HAIFA, Israel — The events described in this story took place in Kiev, where many Jews still lived. It had long since ceased to be Sholem Aleichem’s Yehupets, having become the capital of atheistic Soviet Ukraine and witnessed the mass executions of Jews in Babi Yar on Judgment Day in 1941.
But at that time, the memory of the Jewish market, which was liquidated in 1952, was still alive, and Yiddish was still spoken in many parts of the city. At that time, Jewish musicians played in the orchestras of the Opera House and the Philharmonic, but Jews no longer appeared in the official lists of peoples living in the USSR. Jews were there, and yet they were not.
Hairdresser Chaim knew the history of the Jewish people much better than professional historians. He knew things about Jews that even the most knowledgeable scholars did not know. Chaim paid no attention to the opinions of historians, for he himself was a historian and loved to tell stories about Jews. His customers left his shop with their hair cut, their beards shaved, smelling of cologne, and filled with interesting stories from the barber.

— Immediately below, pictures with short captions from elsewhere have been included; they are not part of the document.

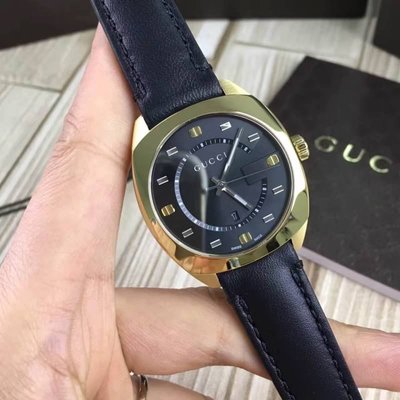 全新正品 Gucci YA1424 系列石英錶 中性款 37MM 獨特內G面 黑色皮革 金框 黑盤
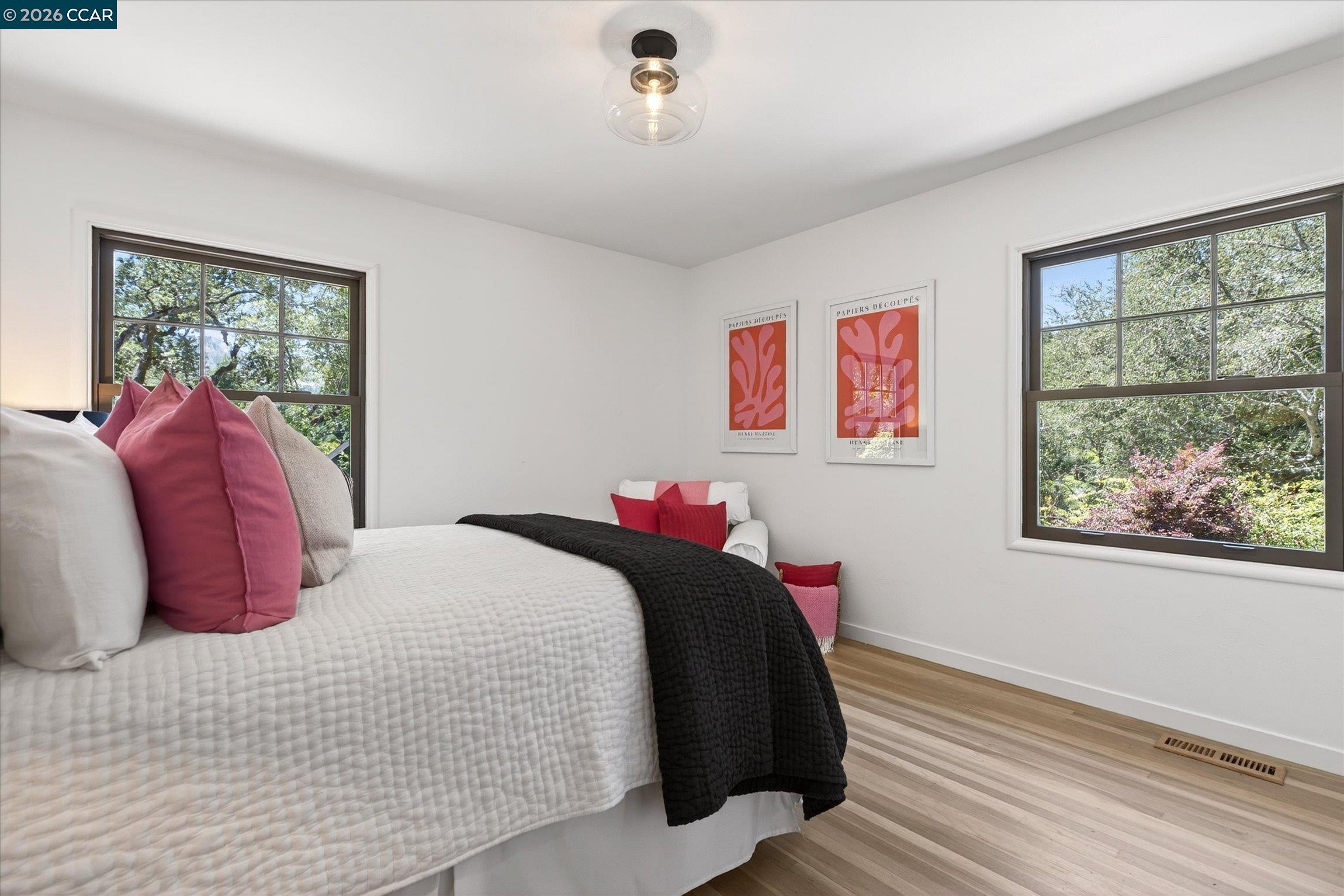 229 Manzanita Dr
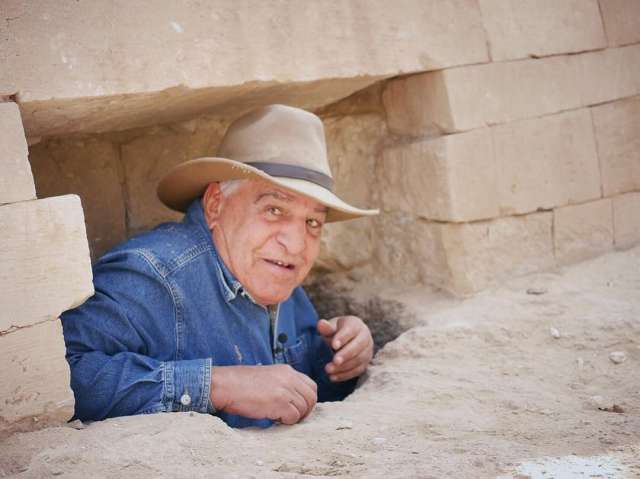 زاهي حواس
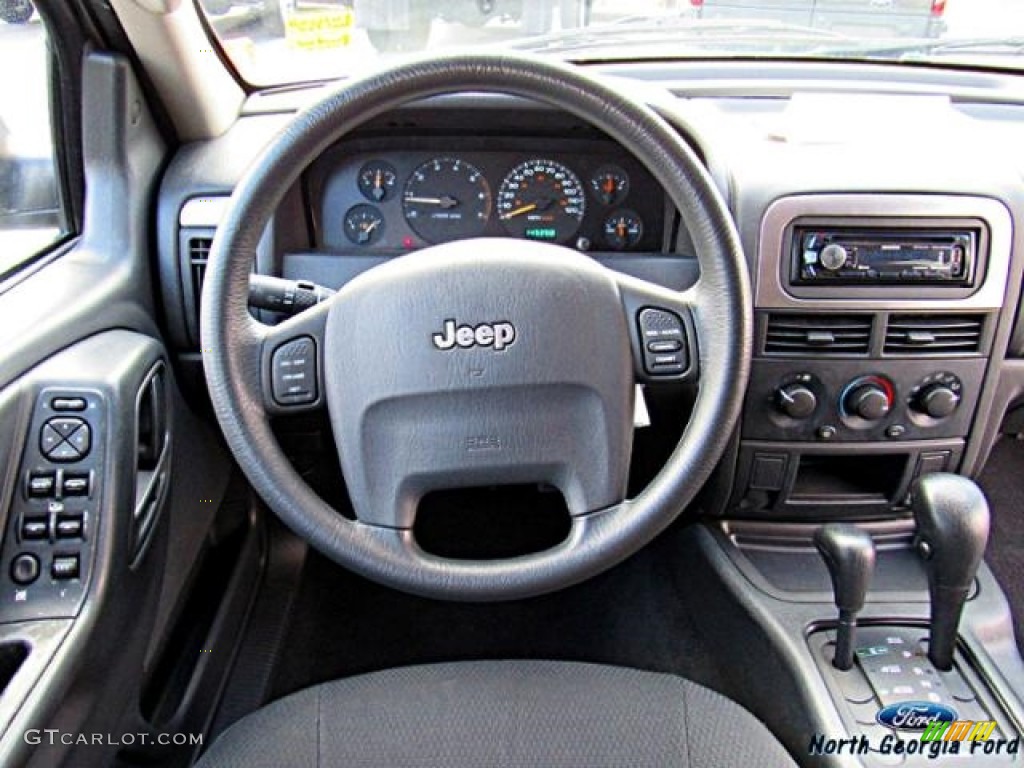 2004 Grand Cherokee Laredo 4x4 - Light Khaki Metallic / Dark Slate Gray photo #15
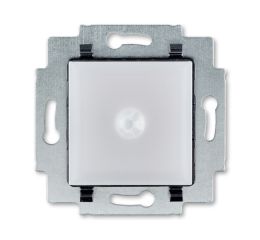 ABB přístroj osvětlení s infrapasivním snímačem pohybu s LED studená bílá 3299U-A52500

When I first met him, Chaim was about 60 years old. One could say that Chaim had lived to see gray hair, if he had any hair. But Chaim was bald, which was a poor recommendation for professional skill: if a hairdresser couldn’t keep his own hair, then he couldn’t give advice to clients on how to properly preserve their hair and care for it optimally.
Apparently realizing the significance of this paradox, Chaim showed his clients an old photograph of himself as a young man with a full head of hair. He explained that he had lost his hair due to working at a metallurgical plant in Zaporizhia: the workshop was extremely hot, causing even the curliest-haired men to lose their hair. He liked to talk about how he had endured terrible heat in Uzbekistan during World War II. When Haim cut and shaved, he stood, and his limp was not noticeable. I did not know how he had injured his leg.
“Chaim” means “life” in Hebrew. Chaim worked in a Kiev barbershop during a period when all Soviet citizens, including Jews, were supposed to have a happy life. In Yiddish, this was called gliklekh lebn. The Soviet government ordered its citizens to have a happy life. Those who refused to have a happy life could face serious trouble from the authorities.
Hairdressers in Kiev were called perukarnya in Ukrainian. But Jews liked certainty. Therefore, they called the hairdresser where Chaim worked Gliklekh Lebn, meaning “happy life.” The barbershop was located in a small basement on Vladimirskaya Street, opposite the Opera House. At the Gliklekh Lebn barbershop, Jews not only had their hair cut and shaved, but also talked about life, in particular Jewish life. In the basement of the barbershop, in a kind of underground, Jews listened to Chaim’s stories about Jewish history.
Once, when two Jews, including me, were waiting for our turn to get a haircut from Chaim, he gave us a lecture on recent Jewish history.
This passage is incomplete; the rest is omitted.